◆ Dataset records:

◇ ◇ ◇ ◇ ◇

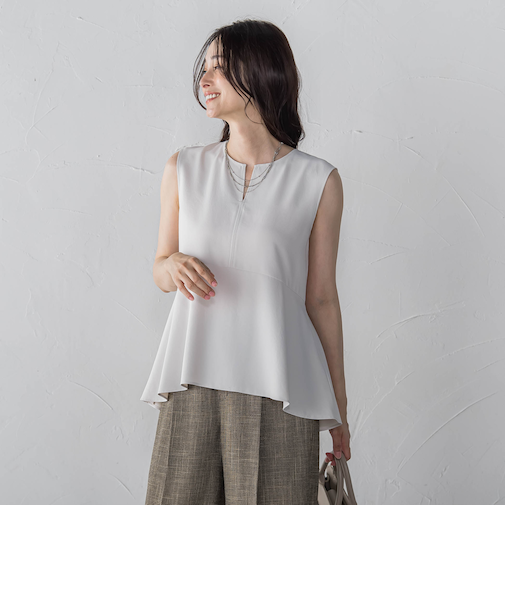 キレイ×リラックス ペプラムブラウス≪接触冷感/UV/洗濯機で洗える≫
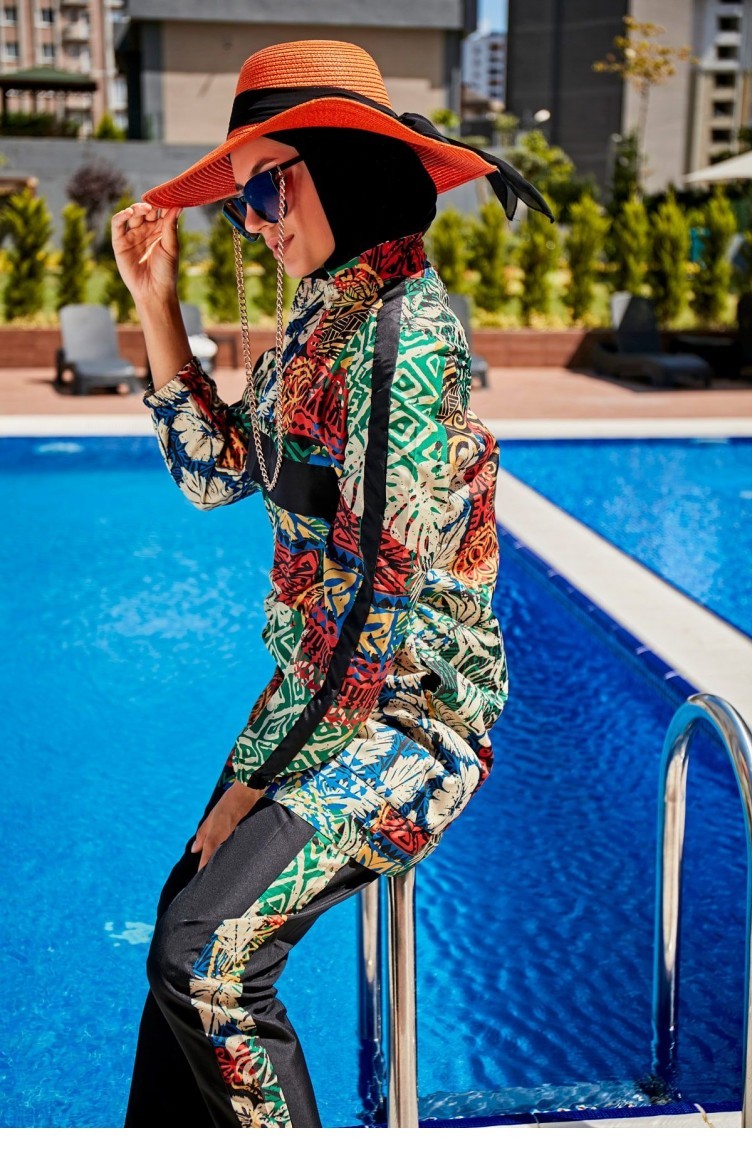 Maillot De Bain Hijab Entièrement Couvert à Motifs R2302 2302 | Sefamerve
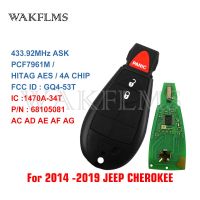 ชิป4a Gq4-53t 433Mhz 7961M Fobik รีโมทกุญแจสำหรับ Jeep Cherokee P/n 68105081 Ac Ad Af Ag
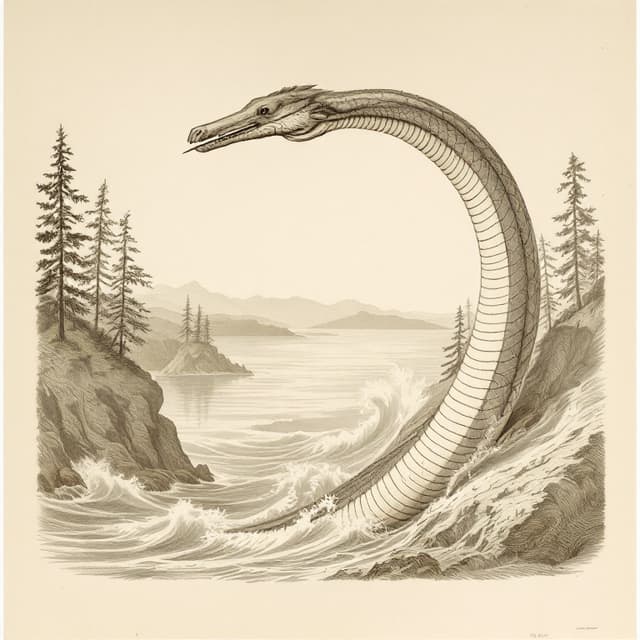 Naturalist plate illustrating Cadborosaurus, drawn from witness descriptions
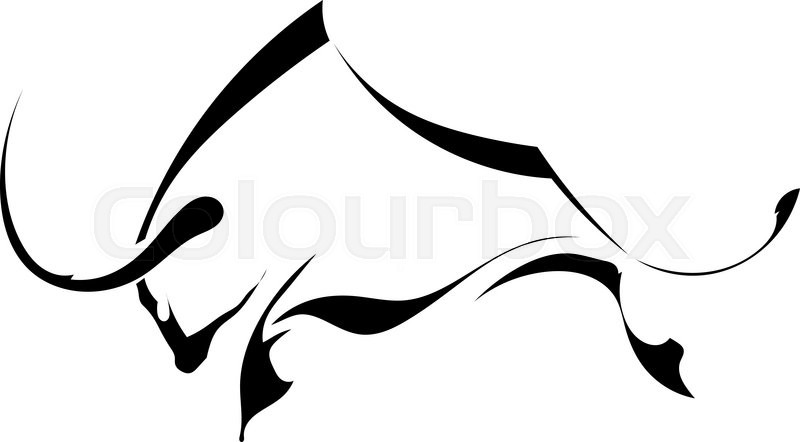 800x442 Black Silhouette In Profile Bull Isolated On White Background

◇ ◇ ◇ ◇ ◇

◆ Required work: The goal is an exact reprint of the entries, leaving out the pictures.

◆ Response:
 キレイ×リラックス ペプラムブラウス≪接触冷感/UV/洗濯機で洗える≫
 Maillot De Bain Hijab Entièrement Couvert à Motifs R2302 2302 | Sefamerve
 ชิป4a Gq4-53t 433Mhz 7961M Fobik รีโมทกุญแจสำหรับ Jeep Cherokee P/n 68105081 Ac Ad Af Ag
 Naturalist plate illustrating Cadborosaurus, drawn from witness descriptions
 800x442 Black Silhouette In Profile Bull Isolated On White Background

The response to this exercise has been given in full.